What money cannot buy

4 minute read

My First Arc

I first flew an Arc on St. Augusine, Florida. My family and I were camping at the beach where I ran into dean, Tim and Ruth. dean had this strange yellow kite that stood at attention nearly motionless directly above him. He told me I had to fly it. So I put on my harness and hooked in. dean’s final instructions were to touch none of the fiddly controls above or below the bar. I did as I was told and zoomed away under the power of the first kite I had ever flown via a bar. The experience was magical. I came back talking of the magic sky hook that towed me down the beach.

An F-Arc 1200 flying tethered from a very simple bar at Cresent Beach, FL, December 2011

It hadn’t flown a lot in the previous 7 years. I married Susan and shortly after there was Katie and then Thomas. Time disappeared as it often does when you have kids and the kites filled the closet more than they filled the skies. Yet what I wanted to do with my spare time had not changed.

A few years after my encounter with Yellow Kite, I was finally able to carve out a little time and knew what I needed to do. I bought my first Arc in May of 2009. It was a 16 meter Scorpion. I was in heaven, but I was also scared to death. It was three times the size of kites I usually flew. I had trouble reconciling a depowerable 16m kite with the 5m bridled foil that was up until then my go-to-kite.

What’s more, the pilot’s end of the rig was mysterious to me. The bar had features that made no sense to me. I read the instructions carefully in a fruitless attempt to understand. I could tell it was not rigged according to the manual, but I couldn’t tell if that was OK or not. I didn’t understand why anything was the way it was. So out of fear I re-rigged it to match the users manual exactly.

My first day out with the Scorpion was at first frustrating with the usual inflation problems that plague the new Scorpion owner, but after I got it inflated the ride was exhilarating. I had so much more power than I needed. I could feel the lightness under my seat as I flew down the beach. In all of my fear about the giant kite the bar became the least of my worries.

More Arcs

That Scorpion was hardly the last Arc I bought. In October of that year I bought a 10 meter Scorpion. In March of 2011, I bought a 15 meter Phantom. The following September I bought a 13m Scorpion.

A Peter Lynn '07 bar and a 10 meter Scorpion tied off during a break at Jekyll Island, Ga

Everything I bought I bought used. I figured why buy new when I wasn’t sure what I wanted. Cash was limited as well, so used kites meant I got to try more kites. Some kites came with bars and lines but others were sold as the kite only. The bars I got varied. Some where Peter Lynn ‘07 bars with strap trim, while others were cobbled together from parts of Peter Lynn ‘04 bars.

I didn’t like having to move bars between kites. It was tedious to run out lines and attach. So I would leave the bar attached when I rolled up the kite. If I was lucky I could remember which kite had the bars rolled up inside. If I wasn’t so lucky I had to unroll the old kite to transfer the lines.

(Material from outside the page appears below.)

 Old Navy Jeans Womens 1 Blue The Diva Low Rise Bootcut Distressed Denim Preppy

To address this I decided to make a bar for every kite. So I started building bars from the parts I had and buying more used bars to get more parts.

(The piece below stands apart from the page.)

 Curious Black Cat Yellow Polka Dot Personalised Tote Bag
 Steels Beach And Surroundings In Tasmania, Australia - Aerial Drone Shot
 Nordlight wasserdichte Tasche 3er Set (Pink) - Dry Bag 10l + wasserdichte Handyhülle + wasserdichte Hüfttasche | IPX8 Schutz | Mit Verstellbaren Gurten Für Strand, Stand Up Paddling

New and shiny could still be better

In June of 2012 I bought a 15 meter Phantom II. It was ready-to-fly with a Navigator bar. I had been coveting both the kite and the bar since they were released. The videos of the bar showed a safety system unlike anything I had ever used and I wanted to try it.

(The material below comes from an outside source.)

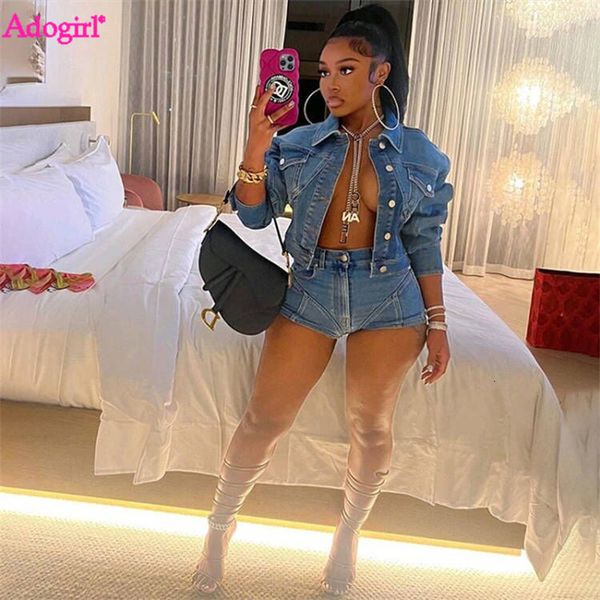 

women's two piece pants adogirl jeans 2 piece sets women stretchy denim suits single breasted turn down collar long sleeve short jacket, White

A Peter Lynn Navigator bar

Yet in practice, the bar was not everything I had hoped. Some aspects of the safety system didn’t work as I thought they should. What aggravated me more though was that parts of the bar were designed to do things I didn’t want to do and would never do. Those features meant the bar couldn’t do things I wanted it to do. I had thought in getting something modern I would be relieved of the problems I had in my old bars and hacked together creations, but it didn’t work out that way.

The bar was designed for someone else, not me. Landing kiting is a small market. Kite buggying probably smaller. Kite buggiers who fly depower kites was smaller still though that seems to be a growing market these days. I realized no one was likely to build what I wanted at any price so I had to make it myself.